The end of the graduate wage premium? Having a degree brings “smaller rewards in the job market than it used to”, except in London where graduates enjoy the same “wage premium” as they did in 1997, explains the Financial Times’ John Burn-Murdoch. He argues that this phenomenon is a symptom of “low investment and low or zero productivity growth” and says that instead of sending fewer people to university, we should focus on creating more “graduate-quality jobs”.
“Unchartered territory”. A new report signed by 15,000 researchers from 163 countries warns that we are “entering an unfamiliar domain regarding our climate crisis” which could lead to “worldwide societal breakdown”. It highlights worrying statistics about the extent of the climate crisis, including the fact that an estimated 3 to 6 billion individuals (approximately one-third to one-half of the global population) might find themselves confined to uninhabitable regions by the end of this century.

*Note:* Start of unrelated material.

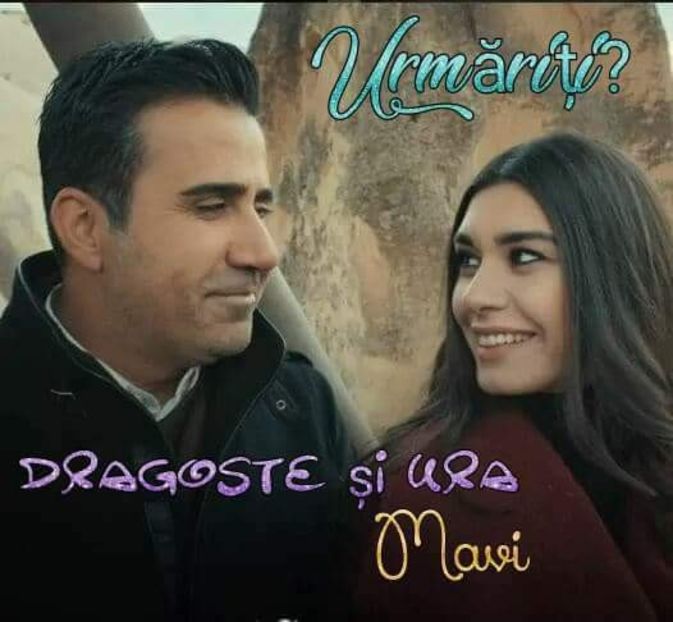  - Mavi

Grid decarbonisation. A new Public First report, commissioned by RenewableUK, analyses the “detail and political rationale” behind the Labour Party’s plans to decarbonise the electricity grid by 2030, which many have warned are not achievable. Yet the report argues that the target is “not impossible - merely very difficult” and requires reducing overall demand for electricity (via improved energy efficiency) and reducing peak demand for electricity (by investing in storage technology and greater demand-side flexibility).

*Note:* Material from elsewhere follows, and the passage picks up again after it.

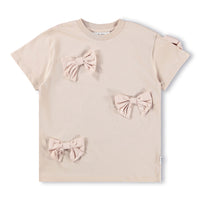 Molo Soft Powder Roxo T-Shirt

Falling wealth. Surging interest rates have triggered a “sharp reversal in wealth levels” across all parts of the UK, but particularly in Scotland, Wales and the North of England, according to new research by the Resolution Foundation. It argues that exposing households to “high asset price volatility” causes an arbitrary redistribution of wealth and calls for reforms to the tax system to “shift the tax burden towards wealthier parts of Britain”.
How will women vote? New research by the Women’s Budget Group finds that women voters are more likely to identify the NHS, the cost of living, and climate change as key priorities than men. For example, nearly two thirds of women (64%) named the NHS as a top priority while just under half of men (48%) did the same.
Bankers’ bonuses. This week, the cap on bankers’ bonuses will be lifted - a measure first announced in Kwasi Kwarteng’s controversial mini-budget and one which the financial regulator argues will make the UK more competitive. But many have argued that this is the wrong course in the middle of a cost of living crisis, with Luke Hildyard of the High Pay Centre, for example, arguing that “we can’t rely on the outsized incomes of a handful of super-rich bankers trickling down to lift slumping living standards for the wider population”.